Грибов улыбался так, что щёки придвигались к глазам, оставляя узкие щёлочки, и тянул ещё:

- …веста!

Со всей силой Лёва толкнул его к двери Маринкиным портфелем, который как раз держал в правой руке:

- Выходи!

Грибов выскочил из школы - и бежать… Лёва, с зажатыми под мышками двумя портфелями, бежал за ним:

- Стой, Мухомор! Всё равно догоню!

За Лёвой бежали и дразнившие и не дразнившие его мальчишки.

Маринка, задыхаясь от какого-то особенного, противного стыда, стояла на ступеньках школьного подъезда и кричала вдогонку:

- Отдавай мой портфель! Просили тебя брать?! - Это для того, чтобы девочки поняли, что уж, во всяком случае, не она добивалась, чтобы держали её портфель.

А девочки насмешливой стайкой окружили Маринку и ехидничали:

- Жених и невеста - вот и берёт!

- Ну, ясно, потому и берёт!

- Сами вы! - крикнула Маринка и поняла, что кричит совсем не то.

Она хотела ответить похлеще и не нашлась… и побежала куда-то в сторону, чтобы не подумали, что она торопится за Лёвой Кудрявцевым.

Она сама не заметила, как выскочила на мостовую, едва не угодив под машину. И в ту же секунду услышала, как ахнули и вскрикнули от ужаса девочки.

Машина проехала, оттолкнув Маринку дверцей, которую приоткрыл водитель, чтобы захлопнуть как следует.

Перед Маринкой мелькнул низкий лакированный кузов, на нём крупные буквы "ХЛЕБ"; и не столько от толчка, сколько от испуга, она упала назад, на тротуар.

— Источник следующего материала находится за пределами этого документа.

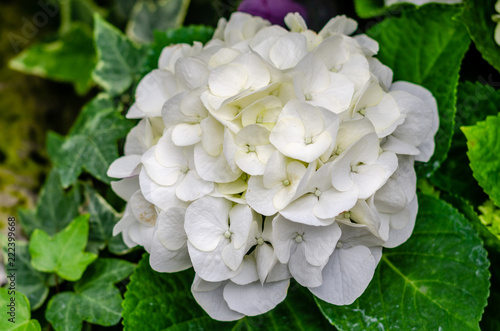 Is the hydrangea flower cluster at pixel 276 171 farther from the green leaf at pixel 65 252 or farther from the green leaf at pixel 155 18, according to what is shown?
the green leaf at pixel 155 18

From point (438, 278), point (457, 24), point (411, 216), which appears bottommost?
point (438, 278)

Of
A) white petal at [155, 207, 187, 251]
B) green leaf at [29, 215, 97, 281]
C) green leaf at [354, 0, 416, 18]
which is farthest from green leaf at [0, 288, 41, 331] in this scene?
green leaf at [354, 0, 416, 18]

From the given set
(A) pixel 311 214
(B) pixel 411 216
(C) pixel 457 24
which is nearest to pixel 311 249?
(A) pixel 311 214

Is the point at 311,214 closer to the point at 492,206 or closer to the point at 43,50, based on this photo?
the point at 492,206

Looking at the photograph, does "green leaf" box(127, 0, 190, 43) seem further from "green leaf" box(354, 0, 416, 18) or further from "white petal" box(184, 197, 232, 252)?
"white petal" box(184, 197, 232, 252)

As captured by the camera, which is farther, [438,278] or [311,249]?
[438,278]

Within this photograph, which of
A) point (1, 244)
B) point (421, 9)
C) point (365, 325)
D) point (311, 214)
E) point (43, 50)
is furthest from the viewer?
point (43, 50)

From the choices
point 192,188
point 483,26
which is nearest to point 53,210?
point 192,188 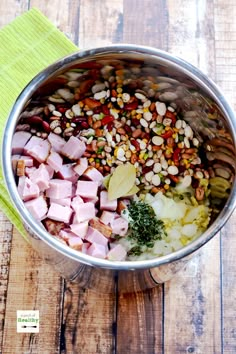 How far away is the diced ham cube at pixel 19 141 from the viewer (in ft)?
3.43

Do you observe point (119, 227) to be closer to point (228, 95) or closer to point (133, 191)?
point (133, 191)

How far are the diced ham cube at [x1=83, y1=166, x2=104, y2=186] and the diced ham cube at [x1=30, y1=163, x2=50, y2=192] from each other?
7cm

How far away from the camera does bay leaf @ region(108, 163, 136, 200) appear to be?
108 centimetres

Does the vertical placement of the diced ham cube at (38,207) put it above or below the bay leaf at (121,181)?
below

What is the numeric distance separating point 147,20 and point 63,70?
30 centimetres

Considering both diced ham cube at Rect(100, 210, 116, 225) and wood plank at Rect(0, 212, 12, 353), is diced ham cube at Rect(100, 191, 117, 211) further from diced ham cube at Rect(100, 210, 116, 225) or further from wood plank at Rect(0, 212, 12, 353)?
wood plank at Rect(0, 212, 12, 353)

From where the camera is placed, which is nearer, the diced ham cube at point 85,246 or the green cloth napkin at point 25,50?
the diced ham cube at point 85,246

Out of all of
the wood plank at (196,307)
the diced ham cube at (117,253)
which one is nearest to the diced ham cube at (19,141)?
the diced ham cube at (117,253)

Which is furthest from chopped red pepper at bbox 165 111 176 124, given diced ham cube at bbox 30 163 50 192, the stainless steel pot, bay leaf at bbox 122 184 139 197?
diced ham cube at bbox 30 163 50 192

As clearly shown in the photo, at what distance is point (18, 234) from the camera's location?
3.63 ft

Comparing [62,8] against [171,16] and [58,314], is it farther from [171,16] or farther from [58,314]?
[58,314]

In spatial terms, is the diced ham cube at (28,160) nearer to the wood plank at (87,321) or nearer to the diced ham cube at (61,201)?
the diced ham cube at (61,201)

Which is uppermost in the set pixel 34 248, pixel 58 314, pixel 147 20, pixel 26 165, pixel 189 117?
pixel 147 20

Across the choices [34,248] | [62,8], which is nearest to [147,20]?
[62,8] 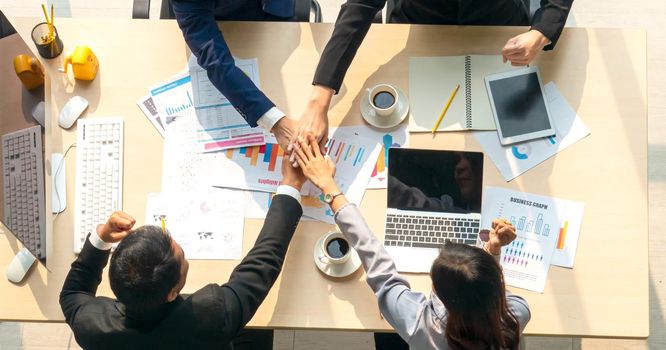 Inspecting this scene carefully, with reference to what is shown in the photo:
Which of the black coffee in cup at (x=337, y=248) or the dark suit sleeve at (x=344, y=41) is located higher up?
the dark suit sleeve at (x=344, y=41)

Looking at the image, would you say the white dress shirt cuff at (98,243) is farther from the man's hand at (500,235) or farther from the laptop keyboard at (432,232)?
the man's hand at (500,235)

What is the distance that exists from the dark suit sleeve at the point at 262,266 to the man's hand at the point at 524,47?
68cm

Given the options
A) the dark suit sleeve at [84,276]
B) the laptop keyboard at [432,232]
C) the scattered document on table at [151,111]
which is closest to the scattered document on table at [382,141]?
the laptop keyboard at [432,232]

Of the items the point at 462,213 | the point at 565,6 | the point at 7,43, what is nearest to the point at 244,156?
the point at 462,213

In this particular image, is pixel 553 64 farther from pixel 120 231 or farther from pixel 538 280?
pixel 120 231

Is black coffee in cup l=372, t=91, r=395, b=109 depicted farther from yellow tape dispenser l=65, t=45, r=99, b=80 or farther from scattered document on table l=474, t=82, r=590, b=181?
yellow tape dispenser l=65, t=45, r=99, b=80

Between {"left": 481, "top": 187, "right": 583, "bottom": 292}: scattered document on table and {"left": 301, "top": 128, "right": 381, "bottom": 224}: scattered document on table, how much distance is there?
1.02 feet

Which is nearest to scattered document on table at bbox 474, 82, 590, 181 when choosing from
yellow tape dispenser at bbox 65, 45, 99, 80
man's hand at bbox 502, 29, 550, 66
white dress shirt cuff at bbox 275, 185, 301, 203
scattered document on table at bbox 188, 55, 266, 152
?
man's hand at bbox 502, 29, 550, 66

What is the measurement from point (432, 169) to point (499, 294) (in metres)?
0.44

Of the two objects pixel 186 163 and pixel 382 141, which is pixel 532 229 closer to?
pixel 382 141

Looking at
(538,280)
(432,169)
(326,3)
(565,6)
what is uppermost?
(326,3)

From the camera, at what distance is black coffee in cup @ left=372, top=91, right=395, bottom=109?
1.65 metres

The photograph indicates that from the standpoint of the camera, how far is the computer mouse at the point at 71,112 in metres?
1.71

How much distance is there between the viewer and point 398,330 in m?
1.44
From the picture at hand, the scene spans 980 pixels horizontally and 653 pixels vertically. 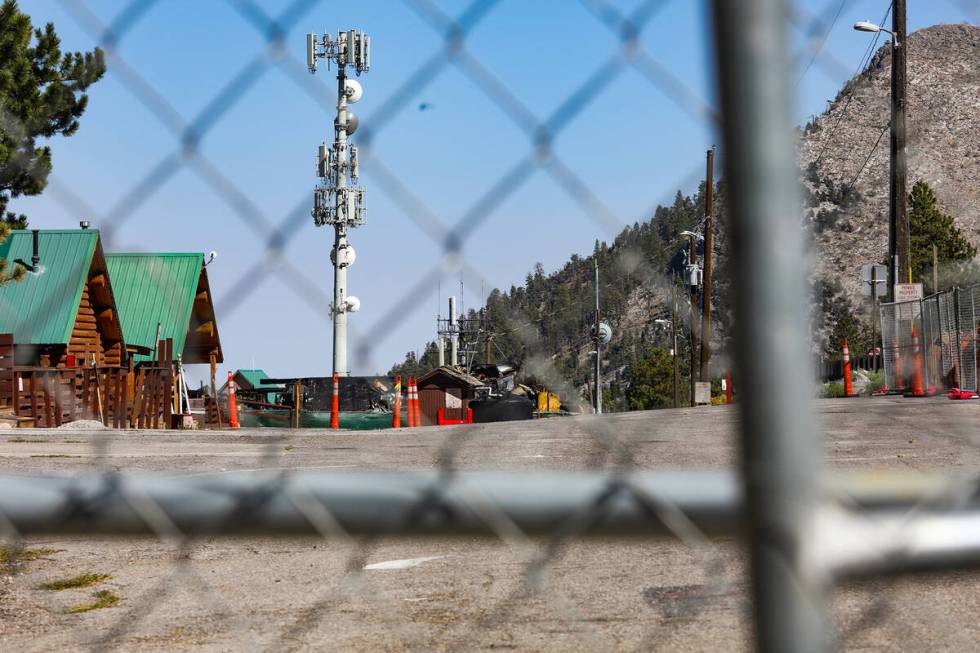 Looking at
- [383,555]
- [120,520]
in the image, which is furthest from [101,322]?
[120,520]

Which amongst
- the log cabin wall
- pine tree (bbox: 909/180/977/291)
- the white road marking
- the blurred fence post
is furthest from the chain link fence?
pine tree (bbox: 909/180/977/291)

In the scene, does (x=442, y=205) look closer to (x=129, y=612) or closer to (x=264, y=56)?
(x=264, y=56)

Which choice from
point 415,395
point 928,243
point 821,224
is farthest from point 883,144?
point 928,243

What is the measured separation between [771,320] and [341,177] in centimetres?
67

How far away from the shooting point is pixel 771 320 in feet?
2.45

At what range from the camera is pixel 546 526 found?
3.94ft

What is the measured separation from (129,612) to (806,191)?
7.89ft

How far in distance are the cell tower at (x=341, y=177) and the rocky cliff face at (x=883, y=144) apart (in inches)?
20.6

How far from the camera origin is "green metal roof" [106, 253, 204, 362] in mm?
1575

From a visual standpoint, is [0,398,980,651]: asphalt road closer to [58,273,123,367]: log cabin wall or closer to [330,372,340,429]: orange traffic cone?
[330,372,340,429]: orange traffic cone


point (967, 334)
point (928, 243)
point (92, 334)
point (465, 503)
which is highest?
point (928, 243)

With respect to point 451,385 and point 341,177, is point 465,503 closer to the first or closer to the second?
point 341,177

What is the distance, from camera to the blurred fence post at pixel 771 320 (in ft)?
2.45

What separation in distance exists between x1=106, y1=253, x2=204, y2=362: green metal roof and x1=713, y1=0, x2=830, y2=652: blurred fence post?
82cm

Она не чувствовала ушиба и могла бы встать, но не вставала.

К ней бросились девочки, только что кричавшие "Жених и невеста", наклонились над нею, присели на корточки, начали тормошить и ласково звать:

- Мариночка!

- Тебя ушибло?

- Ой, это из-за нас! Из-за тебя, Люська. Ты первая начала! Ну скажи, ты живая, Мариночка?

Маринка лежала с закрытыми глазами и молчала, как неживая. Только слёзы обиды просачивались сквозь сжатые веки, текли к ушам и повисали на мочках, как стеклянные серёжки.

- Мёртвые не плачут, - сказала большеголовая рыжая девочка.

А чёрная, как воронёнок, в страхе зашептала:

- Может быть, эти слёзы накопились раньше, когда мы говорили "Жених и невеста!" Ой, ну что мы ждём? "Скорую помощь" сейчас же надо!

- Не надо, - слабым голосом сказала Маринка.